Taha Siddiqui, seorang blogger dan jurnalis yang kritis terhadap layanan keamanan Pakistan, mengatakan Twitter telah menangguhkan akunnya dua kali dalam 72 jam. Penangguhan itu dilakukan karena adanya konten yang tidak pantas dan melanggar hukum Pakistan.
Jurnalis Matiullah Jan, yang dilabeli 'anti-negara' oleh militer karena kritiknya terhadap pengadilan dan tentara, menyebut tindakan keras itu sebagai upaya sistematis oleh militer dan agen intelijen untuk menegaskan kontrol pemerintah. Undang-undang baru yang mengatur media cetak dan online juga mengkhawatirkan para pendukung kebebasan pers.
Menteri Informasi Pakistan, Fawad Chaudhry, menyangkal tuduhan bahwa pemerintah telah membungkam kebebasan pers. Ia mengatakan pemerintah hanya bertindak untuk mencegah hasutan kekerasan.
Penghujatan bisa dihukum mati di Pakistan, dan tuduhan itu bisa memicu kekerasan massa yang mematikan. "Pakistan memiliki media yang paling bebas dan media yang kuat dalam mengkritik pemerintah dan bahkan mengkritik agen-agen militer atas kehendak mereka. Hasutan kebencian adalah satu-satunya area yang kita campur tangani," kata Chaudhry.
Namun, para jurnalis mengatakan pengekangan terhadap kebebasan pers telah semakin memburuk sejak pemilihan nasional pada Juli lalu.

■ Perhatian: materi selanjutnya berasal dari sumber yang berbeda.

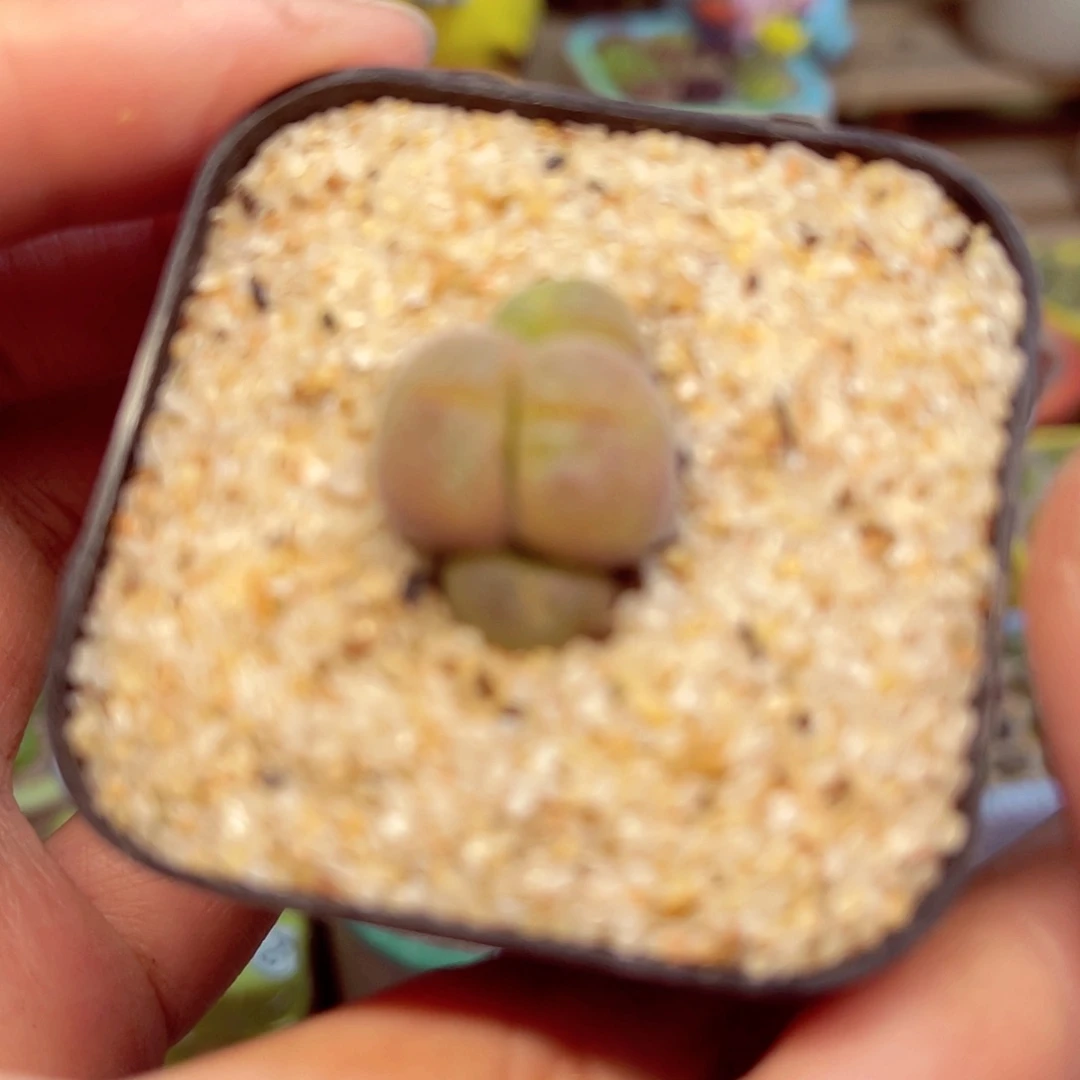 面***?424.  7888876668876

Menurut mereka, agen-agen intelijen telah memanggil wartawan untuk membatalkan laporan investigasi mengenai tuduhan bahwa militer telah campur tangan dalam pemungutan suara pemilu untuk membantu memenangkan Perdana Menteri Imran Khan.
Saat ini, ada 89 saluran televisi swasta yang mendapat lisensi dari pemerintah. Mohammad Ziauddin dari Pakistan Press Foundation, sebuah kelompok advokasi pers bebas, mengatakan sebagian besar saluran itu muncul hanya dalam 15 tahun terakhir dan dimiliki oleh bisnis besar.
"Para pendatang baru di media adalah pelaku bisnis. Mereka masuk ke industri media bukan untuk menghasilkan uang, bukan untuk melayani publik, tetapi untuk mempengaruhi," kata Chaudhry.
Dalam dua bulan terakhir, ratusan jurnalis diberhentikan karena iklan pemerintah, yang merupakan sumber pendapatan utama, telah berkurang secara drastis. Pemerintah biasanya membayar 2.500 dolar AS untuk iklan berdurasi 60 detik, tetapi sekarang hanya membayar 400 hingga 500 dolar AS.